WHAT THE EXERCISE ASKS =>
Apart from the pictures, which must be omitted, restate the data exactly.

DATA BELOW =>
********
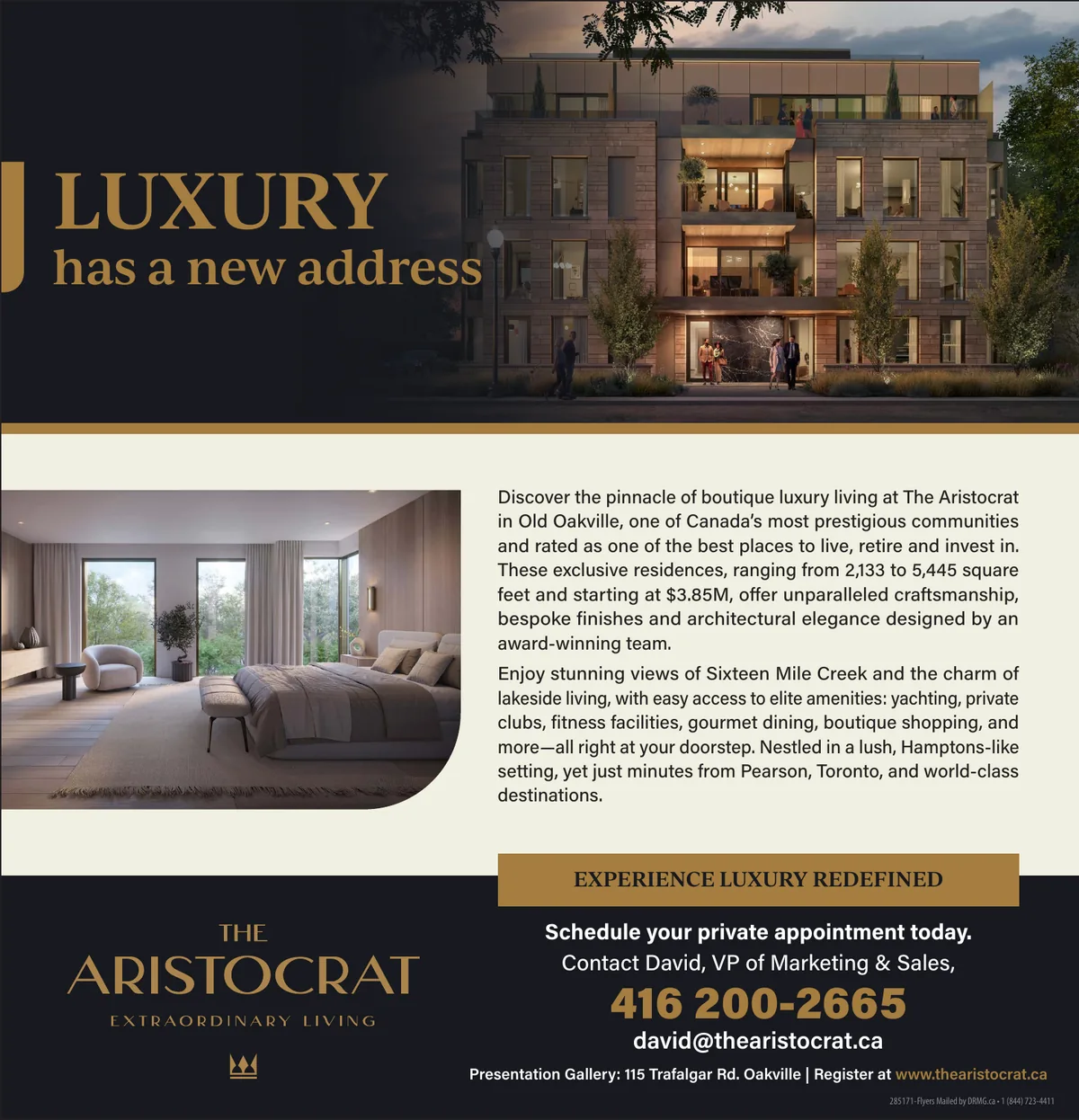 Direct mail card: Luxury has a new address, with the building rendering, an interior and a call to book a private appointment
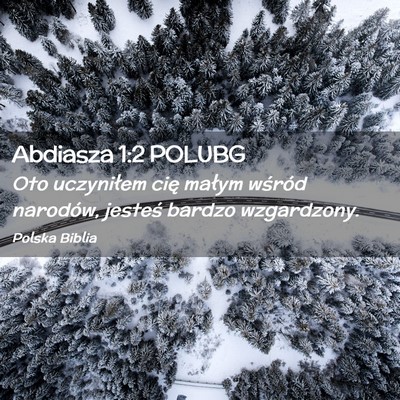 Picture 02 - Abdiasza 1:2 POLUBG - Oto uczyniłem cię małym wśród narodów, - Bible Verse Picture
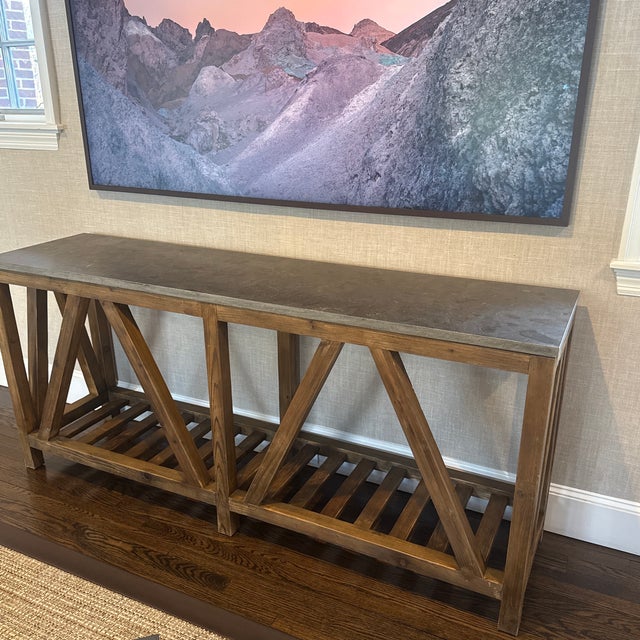 Wood Console Table With Stone Top For Sale In New York - Image 6 of 6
********
SOLUTION TO THIS PROBLEM =>
 Direct mail card: Luxury has a new address, with the building rendering, an interior and a call to book a private appointment
 Picture 02 - Abdiasza 1:2 POLUBG - Oto uczyniłem cię małym wśród narodów, - Bible Verse Picture
 Wood Console Table With Stone Top For Sale In New York - Image 6 of 6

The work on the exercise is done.